Emerging-market equities look set to rally up to 15 percent over the next six months as developing-nation assets close the performance gap with their U.S. peers, according to JPMorgan Chase & Co.
Key macroeconomic risks like the trade war are largely priced in to the asset class, according to JPMorgan. Meanwhile, developing-nation growth is on track to converge with economic expansion in the developed world next year, Marko Kolanovic, the bank’s global head of macro quantitative and derivatives research, said in an interview Thursday on Bloomberg TV.
That could help spur an emerging-market stock rally between 10 percent and 15 percent over the next three to six months, he added.
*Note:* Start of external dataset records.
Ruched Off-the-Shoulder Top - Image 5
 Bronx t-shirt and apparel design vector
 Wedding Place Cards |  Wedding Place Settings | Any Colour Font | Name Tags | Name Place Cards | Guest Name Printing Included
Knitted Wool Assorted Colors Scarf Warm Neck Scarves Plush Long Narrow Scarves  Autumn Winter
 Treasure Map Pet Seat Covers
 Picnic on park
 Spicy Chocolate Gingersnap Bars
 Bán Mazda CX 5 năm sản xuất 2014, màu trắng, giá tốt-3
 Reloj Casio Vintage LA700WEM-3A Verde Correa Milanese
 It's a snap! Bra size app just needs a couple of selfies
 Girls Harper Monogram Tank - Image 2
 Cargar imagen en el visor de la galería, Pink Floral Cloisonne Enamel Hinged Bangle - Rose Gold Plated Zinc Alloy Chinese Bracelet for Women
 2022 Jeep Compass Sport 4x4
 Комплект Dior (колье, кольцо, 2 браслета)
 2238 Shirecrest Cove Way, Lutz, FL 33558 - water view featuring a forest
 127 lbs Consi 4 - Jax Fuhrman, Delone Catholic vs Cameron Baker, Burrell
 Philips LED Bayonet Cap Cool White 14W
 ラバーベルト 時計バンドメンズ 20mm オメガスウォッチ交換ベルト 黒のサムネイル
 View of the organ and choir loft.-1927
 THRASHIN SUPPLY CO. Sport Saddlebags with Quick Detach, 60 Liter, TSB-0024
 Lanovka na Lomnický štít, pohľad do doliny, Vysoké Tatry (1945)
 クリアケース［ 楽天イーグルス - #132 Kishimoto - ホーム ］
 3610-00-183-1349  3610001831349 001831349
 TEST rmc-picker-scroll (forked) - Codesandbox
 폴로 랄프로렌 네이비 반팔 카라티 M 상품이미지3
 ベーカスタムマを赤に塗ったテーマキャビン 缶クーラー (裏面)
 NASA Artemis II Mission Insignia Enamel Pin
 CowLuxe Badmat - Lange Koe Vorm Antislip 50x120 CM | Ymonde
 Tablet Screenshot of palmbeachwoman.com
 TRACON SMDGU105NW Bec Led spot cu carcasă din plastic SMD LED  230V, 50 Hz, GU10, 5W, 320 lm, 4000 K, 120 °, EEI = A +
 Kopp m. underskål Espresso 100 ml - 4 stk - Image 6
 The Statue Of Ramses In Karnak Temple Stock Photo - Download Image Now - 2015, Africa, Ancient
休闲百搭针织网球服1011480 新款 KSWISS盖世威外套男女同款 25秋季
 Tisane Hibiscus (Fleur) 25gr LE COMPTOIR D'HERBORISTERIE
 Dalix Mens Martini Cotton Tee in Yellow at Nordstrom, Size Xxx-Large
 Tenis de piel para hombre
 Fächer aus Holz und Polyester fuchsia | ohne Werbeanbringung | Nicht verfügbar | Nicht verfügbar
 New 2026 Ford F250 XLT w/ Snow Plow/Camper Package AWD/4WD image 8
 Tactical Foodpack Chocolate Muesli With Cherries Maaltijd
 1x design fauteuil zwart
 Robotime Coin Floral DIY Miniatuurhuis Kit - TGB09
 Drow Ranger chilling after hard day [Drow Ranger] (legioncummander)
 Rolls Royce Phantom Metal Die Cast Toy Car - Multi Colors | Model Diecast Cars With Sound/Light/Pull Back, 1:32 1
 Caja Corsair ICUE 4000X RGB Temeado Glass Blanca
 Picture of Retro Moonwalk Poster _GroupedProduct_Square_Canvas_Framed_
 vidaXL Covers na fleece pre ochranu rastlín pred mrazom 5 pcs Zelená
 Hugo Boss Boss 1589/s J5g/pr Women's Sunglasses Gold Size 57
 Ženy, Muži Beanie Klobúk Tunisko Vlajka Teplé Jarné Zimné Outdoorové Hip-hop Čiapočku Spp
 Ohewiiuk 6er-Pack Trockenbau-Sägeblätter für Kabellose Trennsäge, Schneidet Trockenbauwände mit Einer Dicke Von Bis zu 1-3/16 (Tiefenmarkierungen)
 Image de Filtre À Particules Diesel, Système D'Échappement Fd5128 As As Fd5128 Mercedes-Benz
The firm’s cross-asset strategy has shifted to equal weightings for stocks in developing nations and the U.S. after being all-in on the U.S. in the first half of the year, according to Kolanovic. JPMorgan is among a chorus of strategists and investors from UBS Group AG to Morgan Stanley highlighting value in emerging markets amid warnings from Goldman Sachs Group Inc. to Allianz SE of more pain for the asset class.
“Sentiment is bearish, but we think this extreme consensus presents an opportunity,” Kolanovic said. “It warrants allocation now.”
The S&P 500 Index has outperformed MSCI’s Emerging Market Index by 21 percentage points this year as developing nations got battered by a strong dollar, rising U.S. interest rates and escalating trade tensions between the U.S. and China. But Kolanovic said he expects that trend to reverse.
“We do think there’s more upside” in emerging markets, he said.